■ Exercise: Output every entry exactly as written, skipping any pictures.

■ Data excerpts:
BEGIN

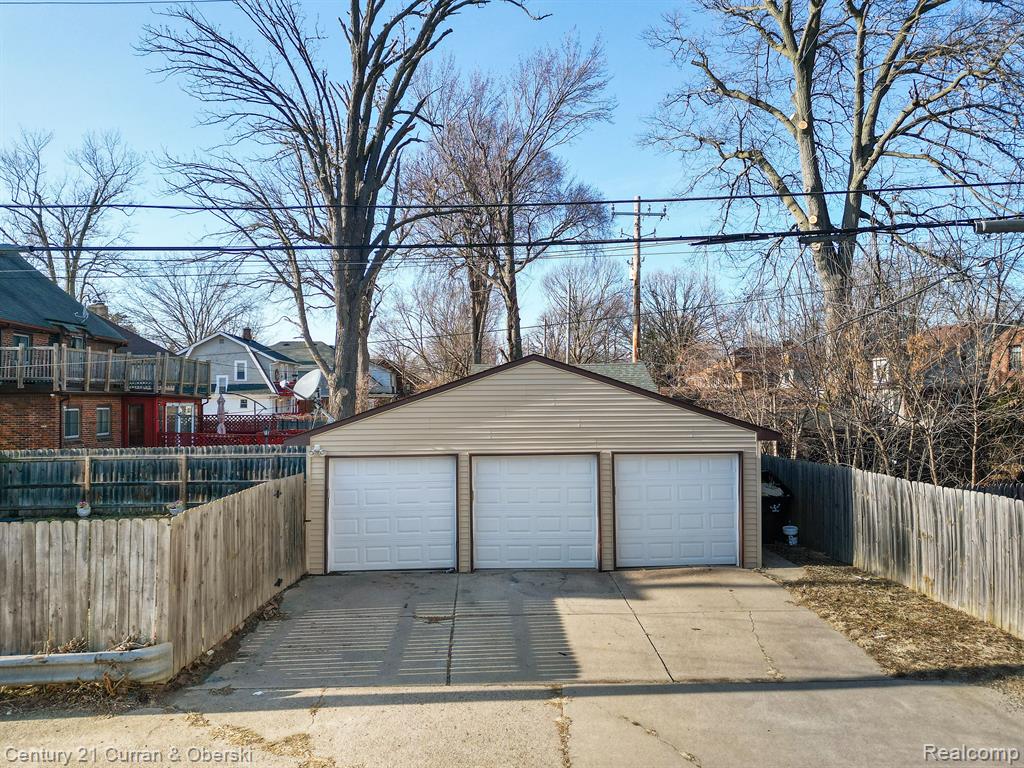 5026 KENSINGTON Avenue, Detroit, MI 48224 — Photo 30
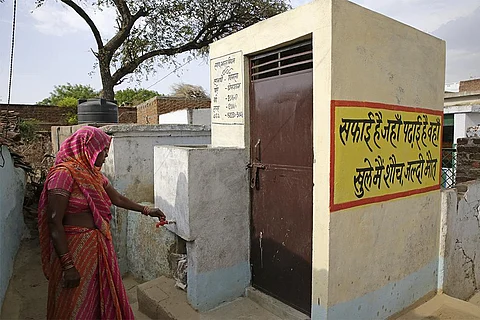 स्वच्छ भारत मिशन से साल भर में हर परिवार को हुआ करीब 53,536 रुपए का फायदा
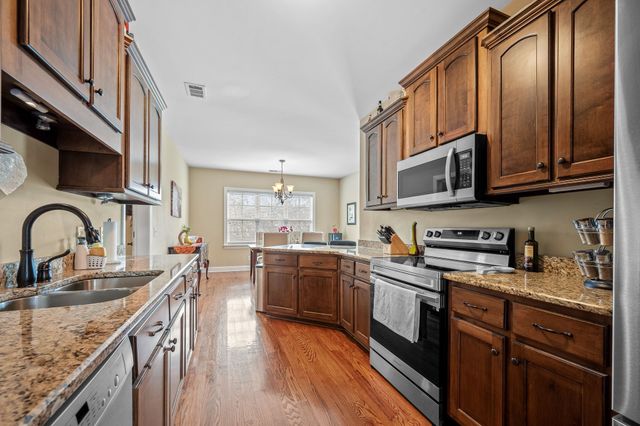 105 Sagamore Trce, Hendersonville, TN 37075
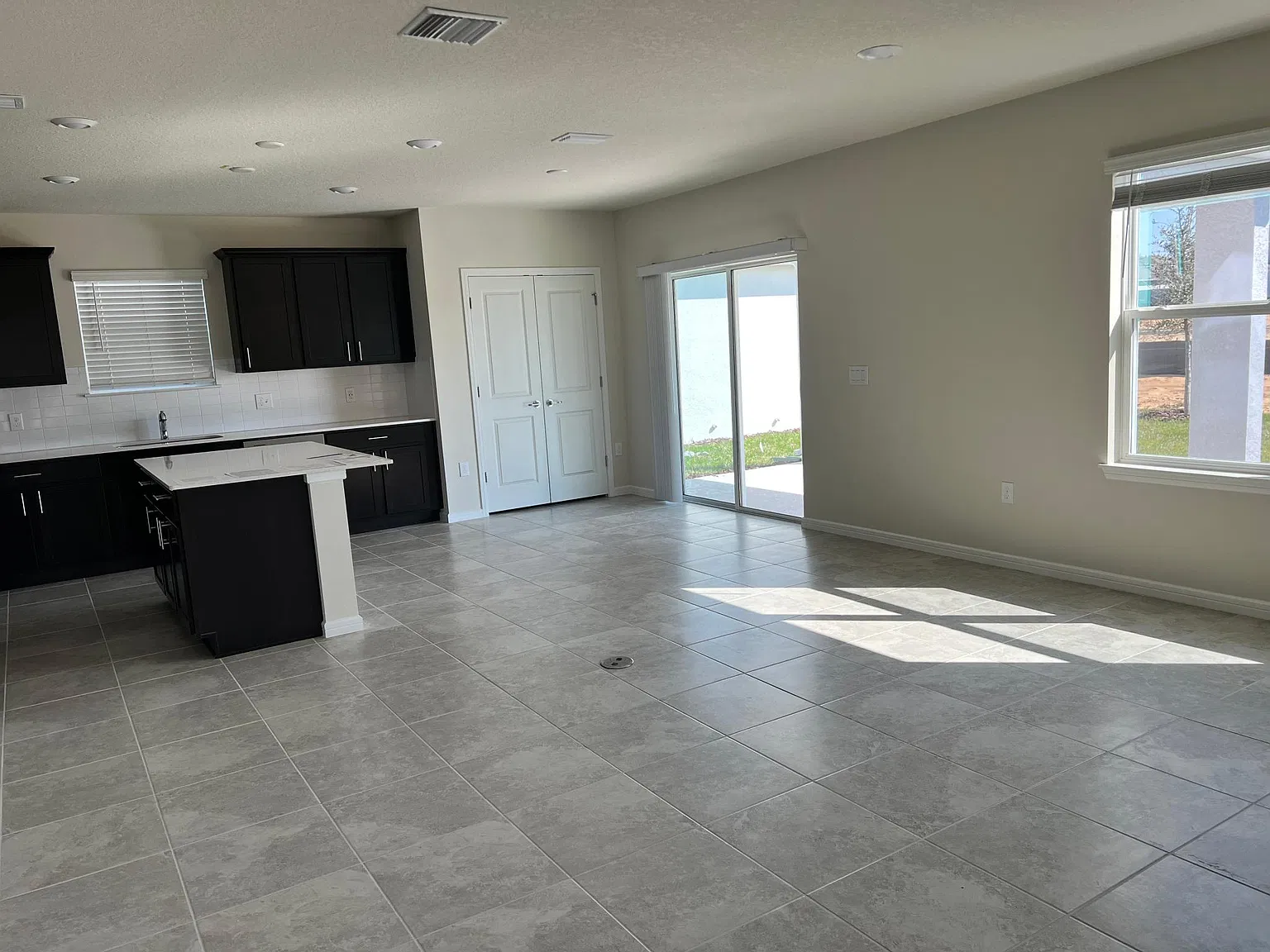 2130 Charming Ave — Photo 2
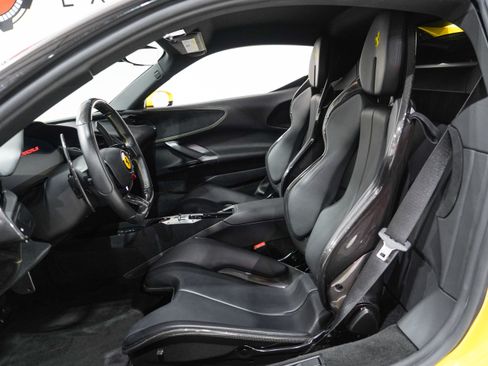 Used 2021 Ferrari SF90 Stradale AWD/4WD image 8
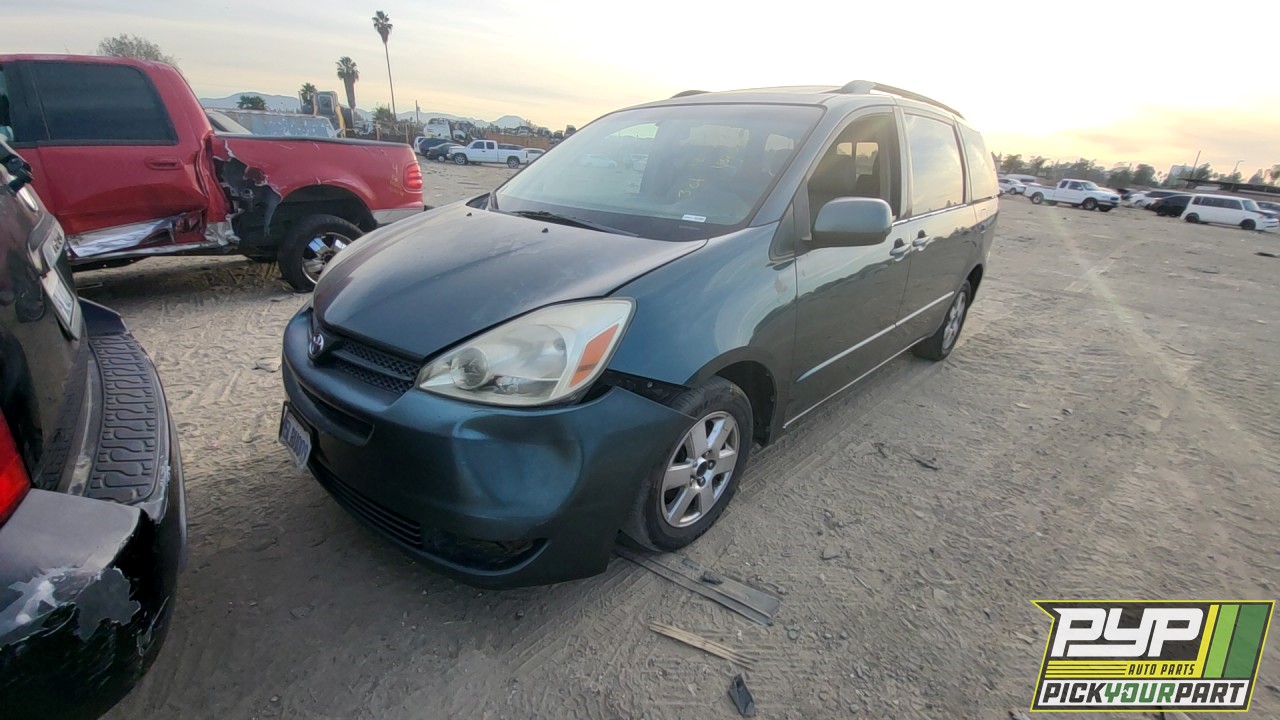 2004 TOYOTA SIENNA available for parts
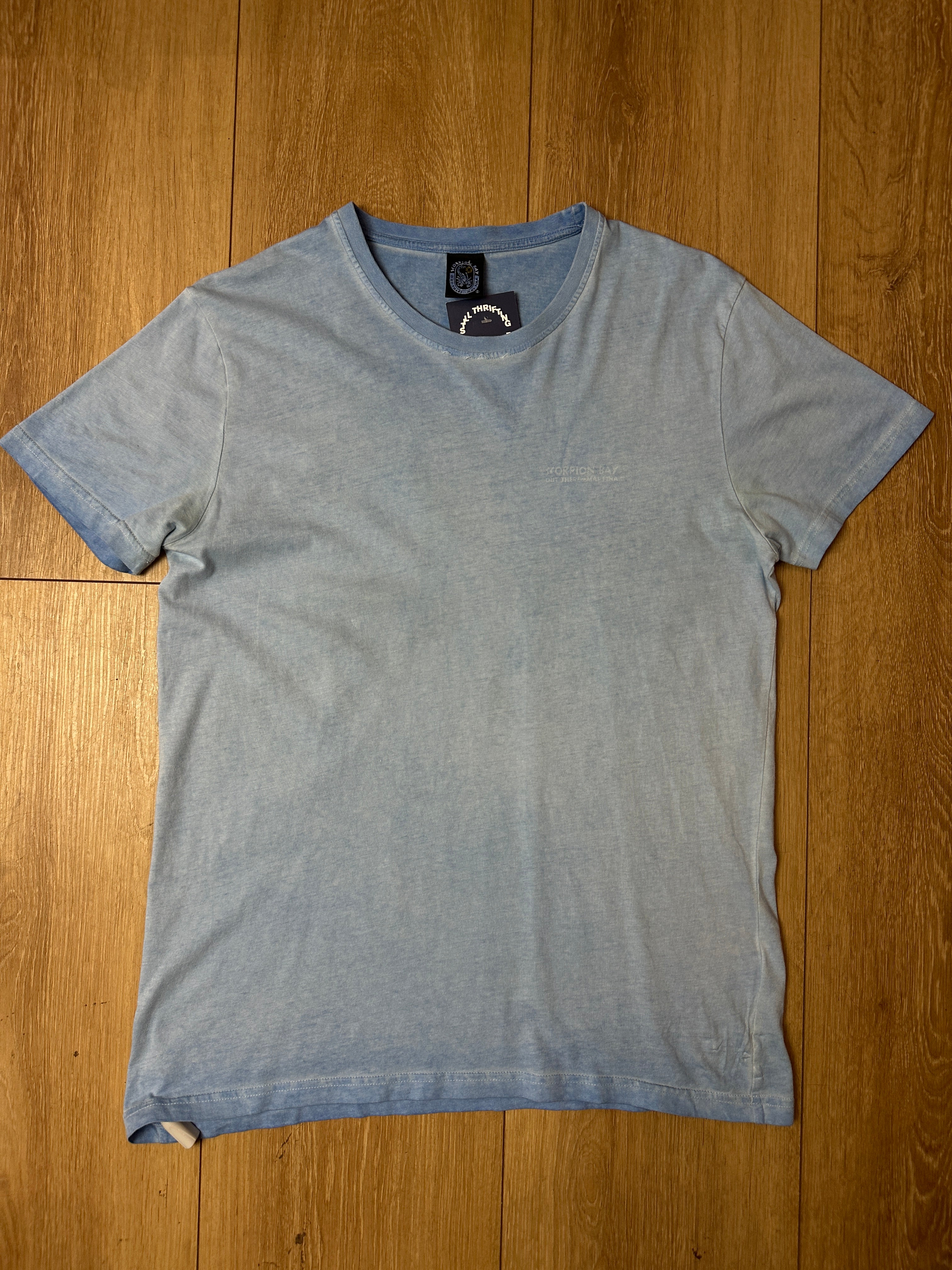 Produktbild von einem Vintage Scorpion Bay Blue Printed T-Shirt von vorne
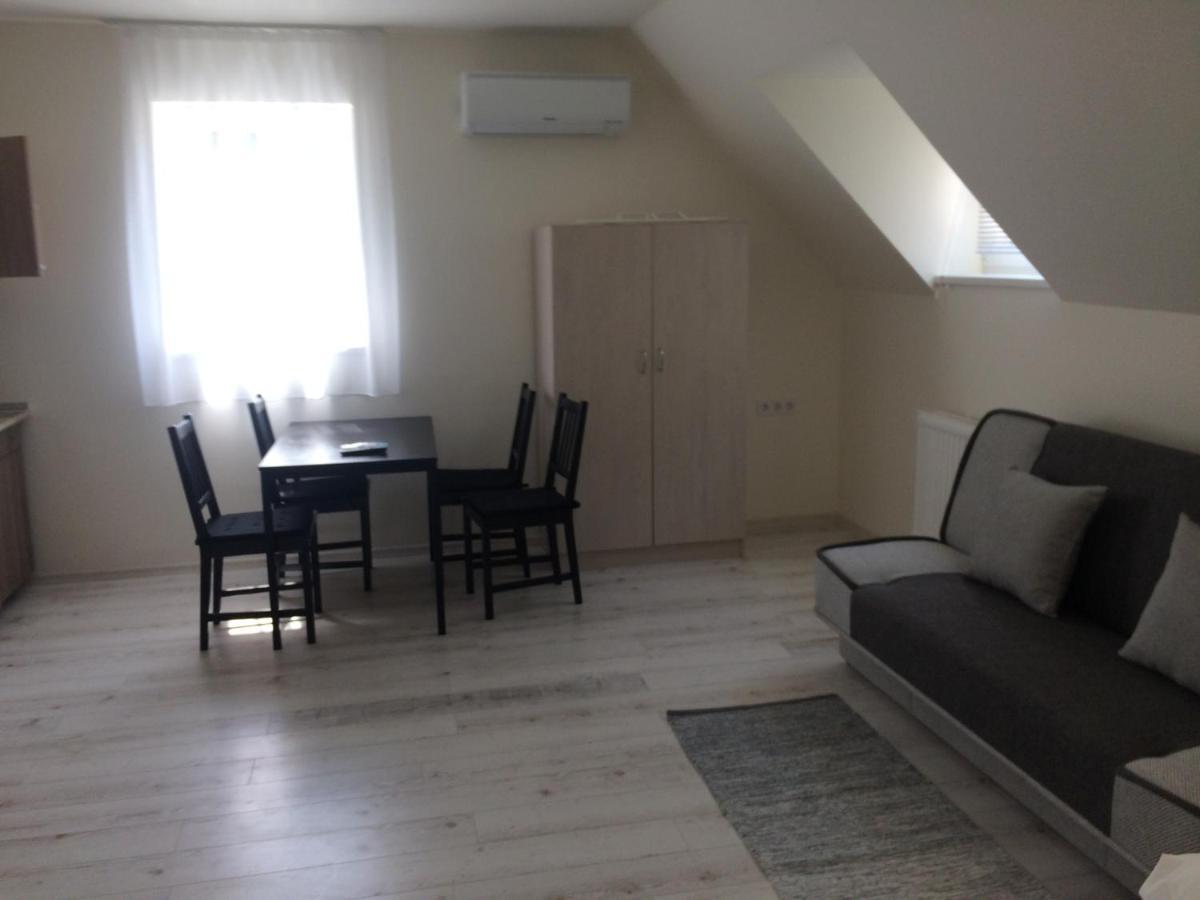 Appartement Harmonia Panzio à Bogács Extérieur photo
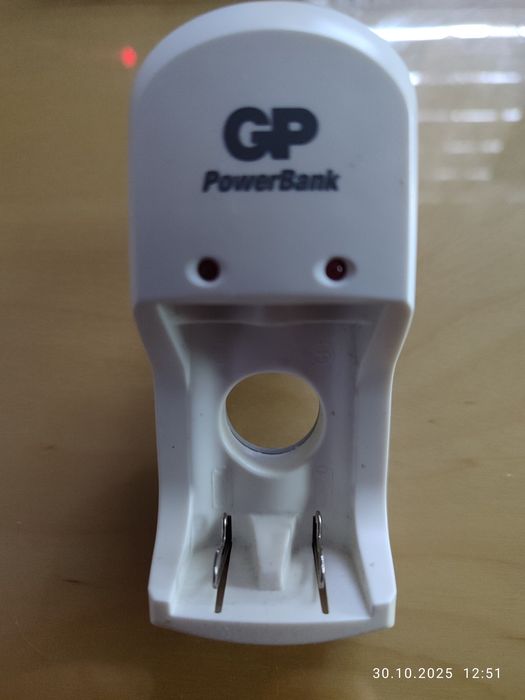 Nowa ładowarka akumulatorów (paluszki) GP BLATTERY POWERBANK PB360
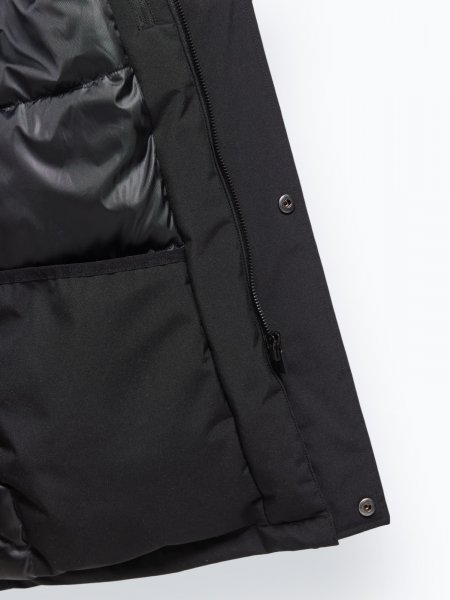 Mannequin homme portant la parka PK543 couleur noir avec zoom sur la seconde poche intérieure
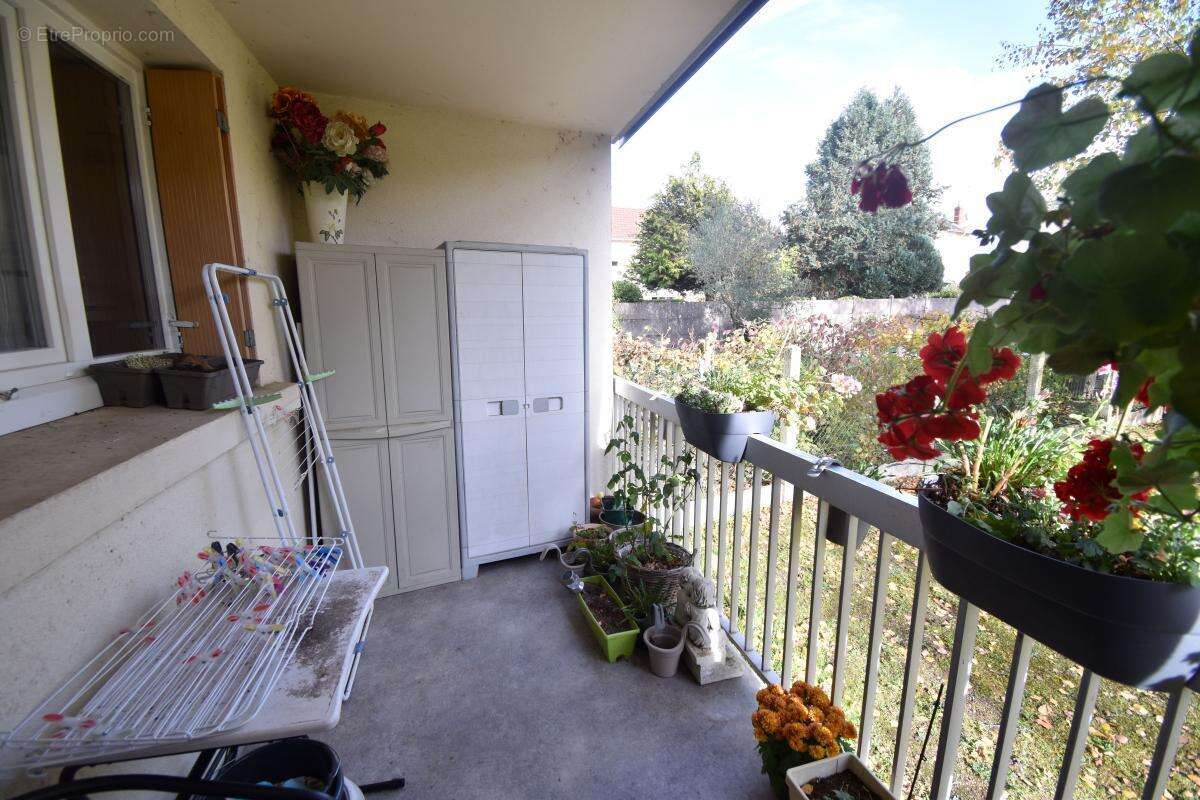 Appartement à COSNE-COURS-SUR-LOIRE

END

■ Expected output:
 5026 KENSINGTON Avenue, Detroit, MI 48224 — Photo 30
 स्वच्छ भारत मिशन से साल भर में हर परिवार को हुआ करीब 53,536 रुपए का फायदा
 105 Sagamore Trce, Hendersonville, TN 37075
 2130 Charming Ave — Photo 2
 Used 2021 Ferrari SF90 Stradale AWD/4WD image 8
 2004 TOYOTA SIENNA available for parts
 Produktbild von einem Vintage Scorpion Bay Blue Printed T-Shirt von vorne
 Appartement Harmonia Panzio à Bogács Extérieur photo
 Nowa ładowarka akumulatorów (paluszki) GP BLATTERY POWERBANK PB360
 Mannequin homme portant la parka PK543 couleur noir avec zoom sur la seconde poche intérieure
 Appartement à COSNE-COURS-SUR-LOIRE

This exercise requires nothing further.